Providing Barcode Priors
The PAML decoder computes the posterior probability that the decision it made was correct for each classified read, that probability depends on a set of priors. If the 5 libraries were pooled in non uniform concentrations we will expect the portion of reads classified to each read group to match those proportions. A prior on the barcode prevalence distribution can be provided for each possible code declared in the codec
directive using the concentration
parameter. For convenience the priors do not have to be specified as normalized probabilities. Pheniqs will normalize them when compiling the instructions to sum up to 1.0 minus the value of the noise
parameter.
{ "sample": { "transform": { "token": [ "1::8" ] }, "codec": { "@AGGCAGAA": { "barcode": [ "AGGCAGAA" ], "concentration": 2 }, "@CGTACTAG": { "barcode": [ "CGTACTAG" ] }, "@GGACTCCT": { "barcode": [ "GGACTCCT" ] }, "@TAAGGCGA": { "barcode": [ "TAAGGCGA" ] }, "@TCCTGAGC": { "barcode": [ "TCCTGAGC" ] } } "algorithm": "pamld", "noise": 0.02, "confidence threshold": 0.95, } }
Example 1.9 Adding a prior to one of the code words when declaring a
sample
decoder directive. Since the priors are automatically normalized and default to 1, this declaration effectively states that we expect twice as many reads to be classified to @AGGCAGAA than the other 4 read groups.
Minimum Distance Decoding
Pheniqs can also be instructed to decode the barcodes using the traditional minimum distance decoder, that only consults the edit distance between the expected and observed sequence, by setting the sample decoder algorithm
directive to mdd
. The MDD decoder however ignores the presence of noise and the error probabilities provided by the sequencing instrument and does not compute or report the classification error probability. It is provided for legacy purposes but PAMLD will yield superior results in almost every real world scenario.
Speeding things up
As we mentioned before reading input from CRAM or BAM input can be faster than reading from gzip compressed FASTQ files. If your first step was to package the 3 split FASTQ files into a CRAM file, as shown in Example 1.3, you can use that file as input.
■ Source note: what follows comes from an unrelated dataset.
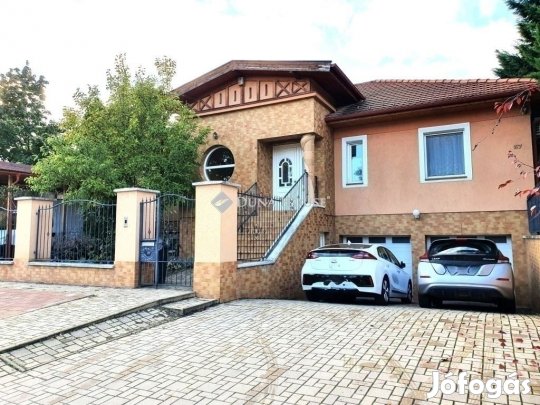 Kecskeméti eladó 240 nm-es ház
{ "input": [ "000000000-BDGGG_raw.cram", "000000000-BDGGG_raw.cram", "000000000-BDGGG_raw.cram" ], "template": { "transform": { "token": [ "0::", "2::" ] } }, "sample": { "transform": { "token": [ "1::8" ] }, "codec": { "@AGGCAGAA": { "barcode": [ "AGGCAGAA" ] }, "@CGTACTAG": { "barcode": [ "CGTACTAG" ] }, "@GGACTCCT": { "barcode": [ "GGACTCCT" ] }, "@TAAGGCGA": { "barcode": [ "TAAGGCGA" ] }, "@TCCTGAGC": { "barcode": [ "TCCTGAGC" ] } } "algorithm": "pamld", "noise": 0.02, "confidence threshold": 0.95, }, "CN": "CGSB", "DT": "2018-02-25T07:00:00+00:00", "PI": "300", "PL": "ILLUMINA", "PM": "miseq", "SM": "trinidad", "flowcell id": "000000000-BDGGG", "flowcell lane number": 1 }
Example 1.10 modifying Example 1.7 to take the CRAM file created in Example 1.3 as input. When declaring interleaved input you specify the file path as many times as the interleaving resolution. The interleaving resolution is the number of consecutive segments of the same read that have been interleaved into the file. In this example we expect every read to have 3 consecutive segments.
The output from Example 1.10 will be identical to the output from Example 1.7 shown in Example 1.8 but unlike Example 1.7 the decoding speed will scale linearly with the number of computational cores available until the system’s I/O throughput becomes saturated.